[AIM OF THE TASK]: The reply should consist solely of the lines from the one with "Toongabbie – U2" through the final line of the listing, copied exactly, with no pictures.

Start of DATA SECTION

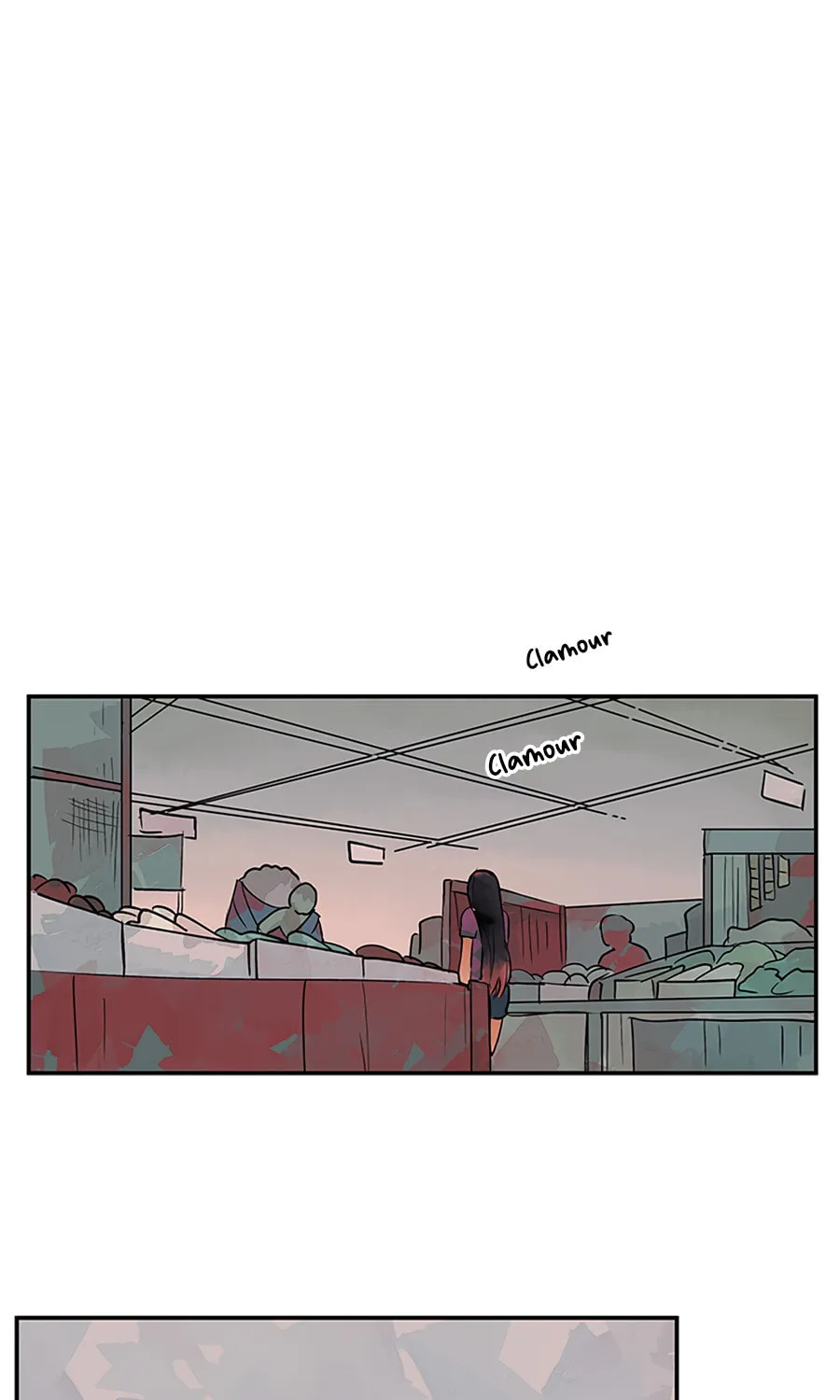 Read Arum Daun (Colored) chapter 51 image 4 on Lezhin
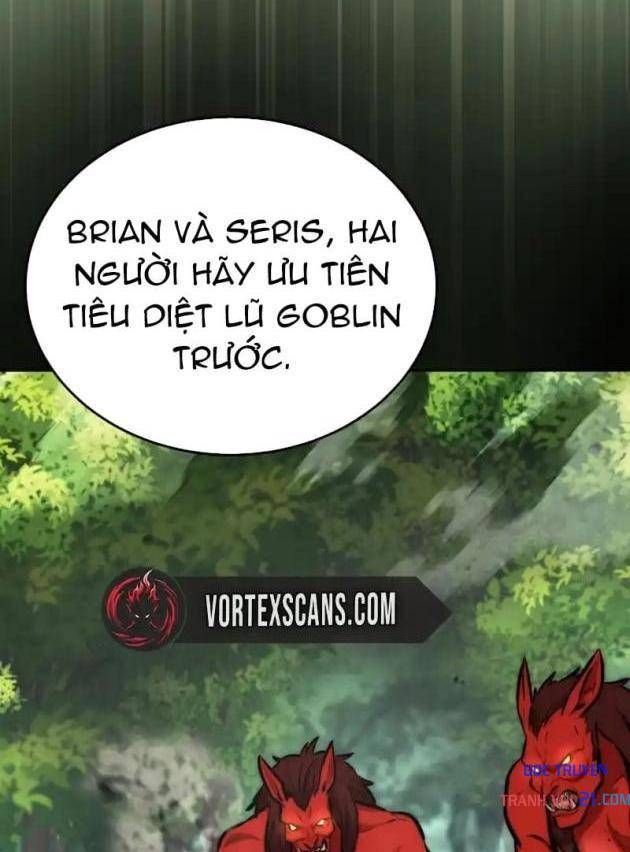 Hiệp Sĩ Cầm Gậy Bóng Chày Chap 18 - Next Chap 17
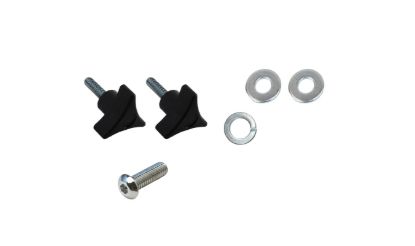 Picture of Fishbone Offroad Interior Quarter Panel Trim Panel Storage Compartment - FB25215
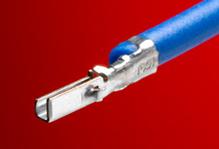 Molex-68801-5302 Cable Assembly Other Cable Assembly UL 1061 0.15m 28AWG Terminal to Terminal 1 to 1 POS F-F Crimp CLIK-Mate Bag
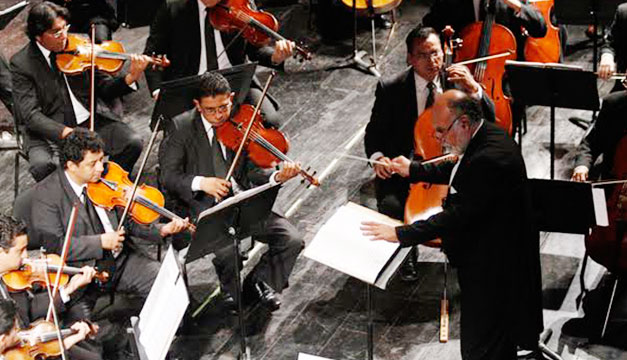 Orquesta-Sinfonica-de-El-Salvador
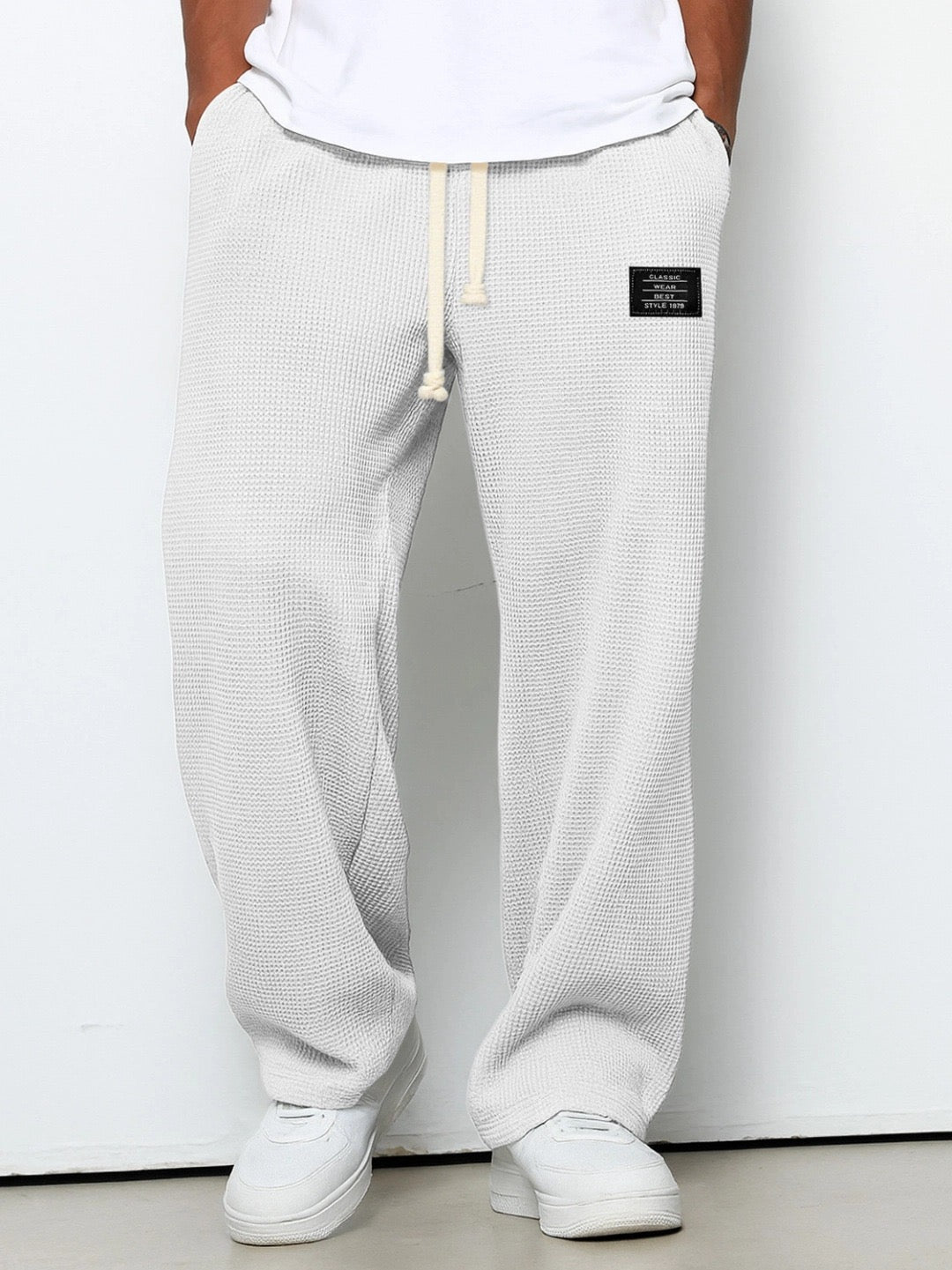 Grayson | Comfortable Pants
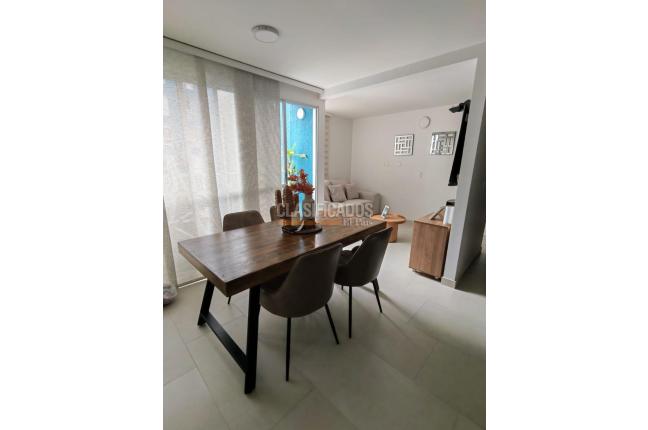 Apartamentos, Venta, Brisas de los Álamos - $260.000.000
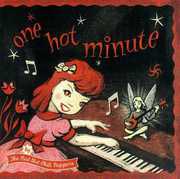 One Hot Minute [Import] , Red Hot Chili Peppers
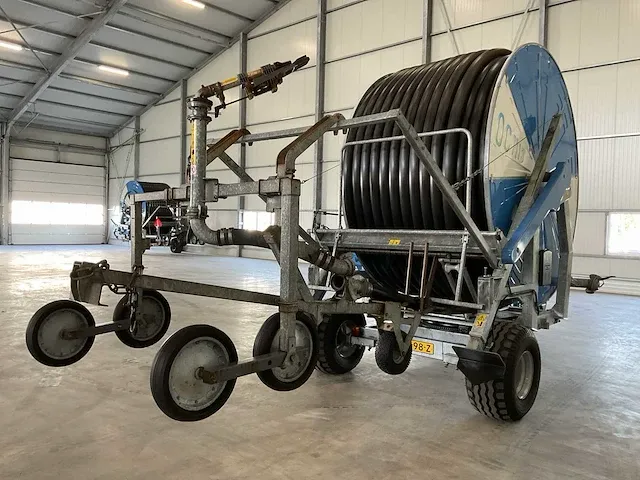 2019 ocmis 110 vr5 variorain beregeningshaspel - afbeelding 11 van  17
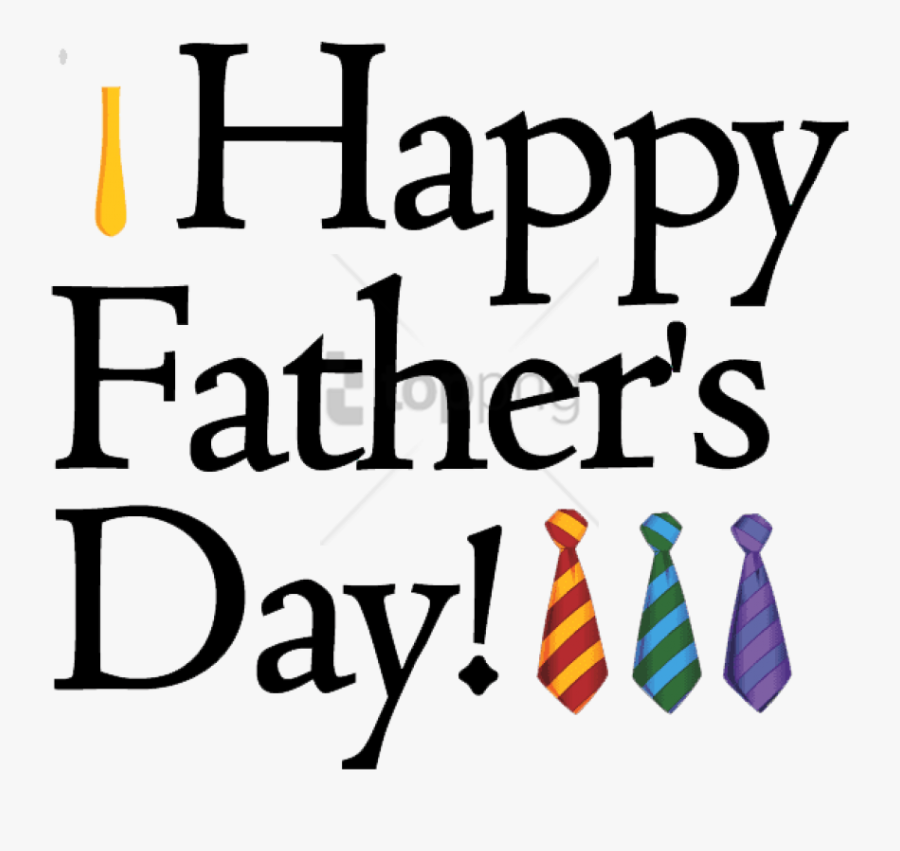 Free Png Download Fathers Day Backgrounds Png Png Images - Happy Father's Day Clip Art, Transparent Clipart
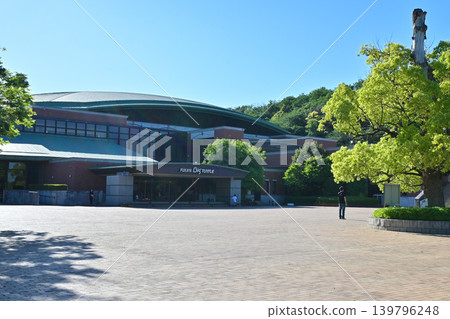 淺間山公園(深谷大龜) 淺間山公園(深谷大龜) 139796248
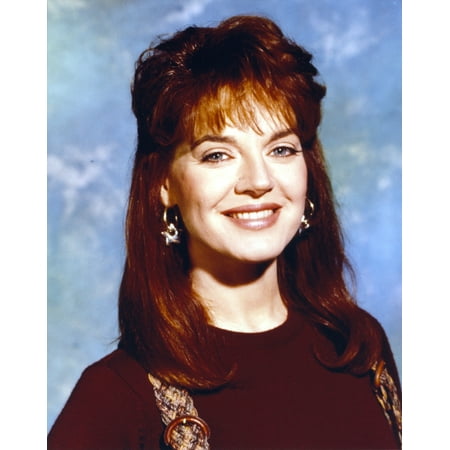 Robin Riker Close Up Portrait Photo Print (24 x 30) | Walmart Canada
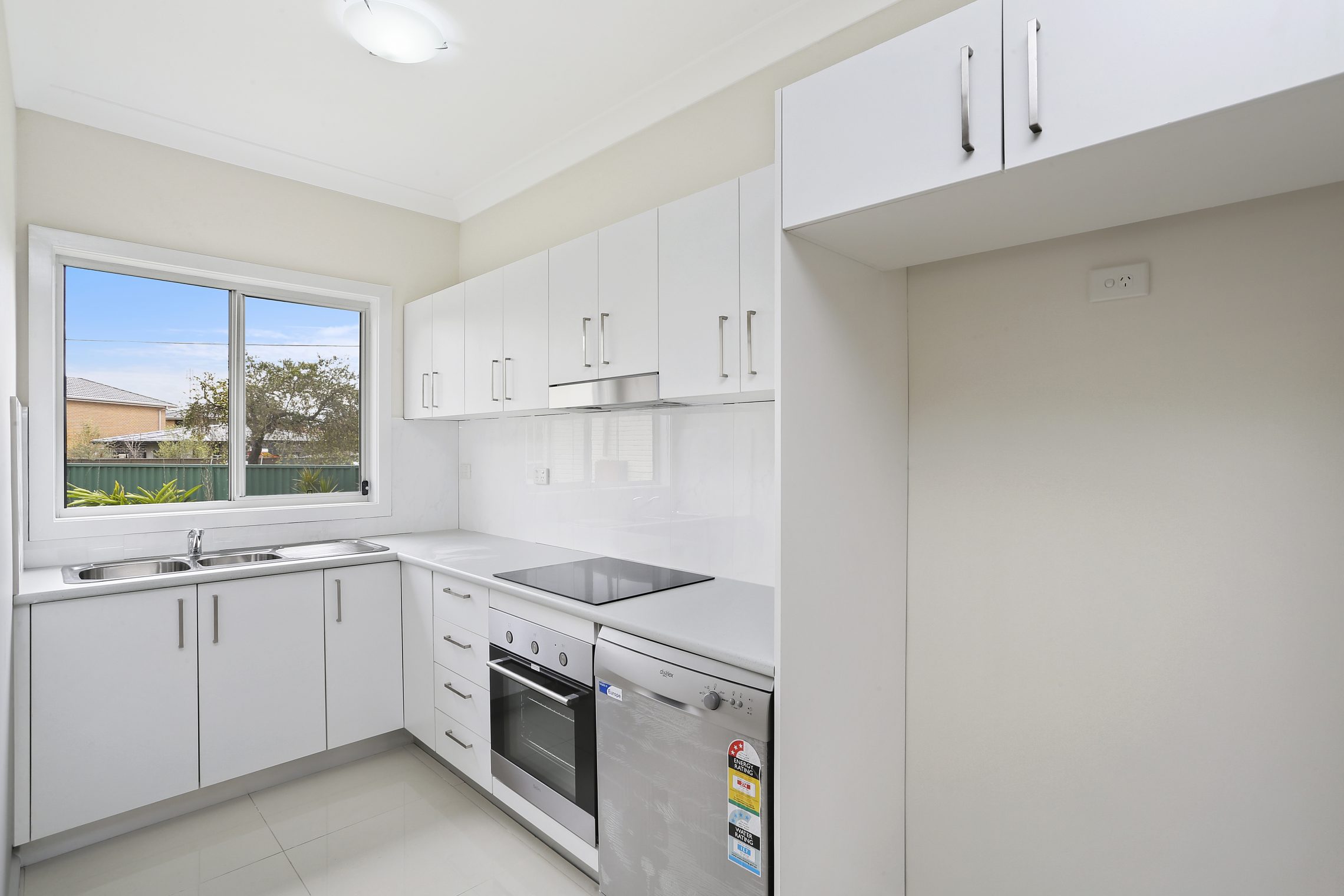 Toongabbie – U2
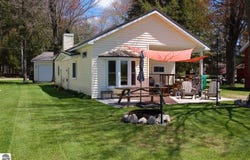 109 Brandy Drive, Cadillac, MI 49601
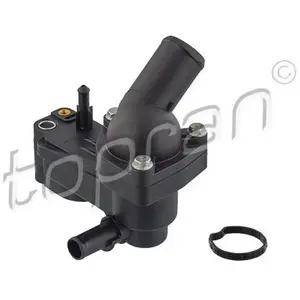 Comparateur de prix : Boîtier Du Thermostat Ford Topran 304199
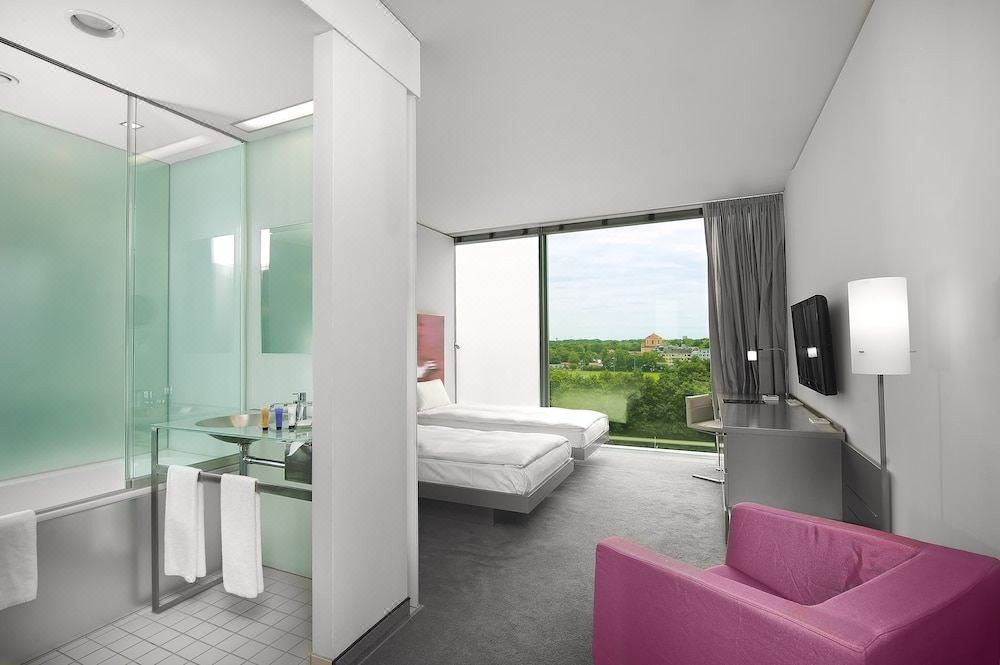 Photo of Livingroom in Alte Heide-Hirschau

End of DATA SECTION

[TASK SOLUTION]:
 Toongabbie – U2
 109 Brandy Drive, Cadillac, MI 49601
 Comparateur de prix : Boîtier Du Thermostat Ford Topran 304199
 Photo of Livingroom in Alte Heide-Hirschau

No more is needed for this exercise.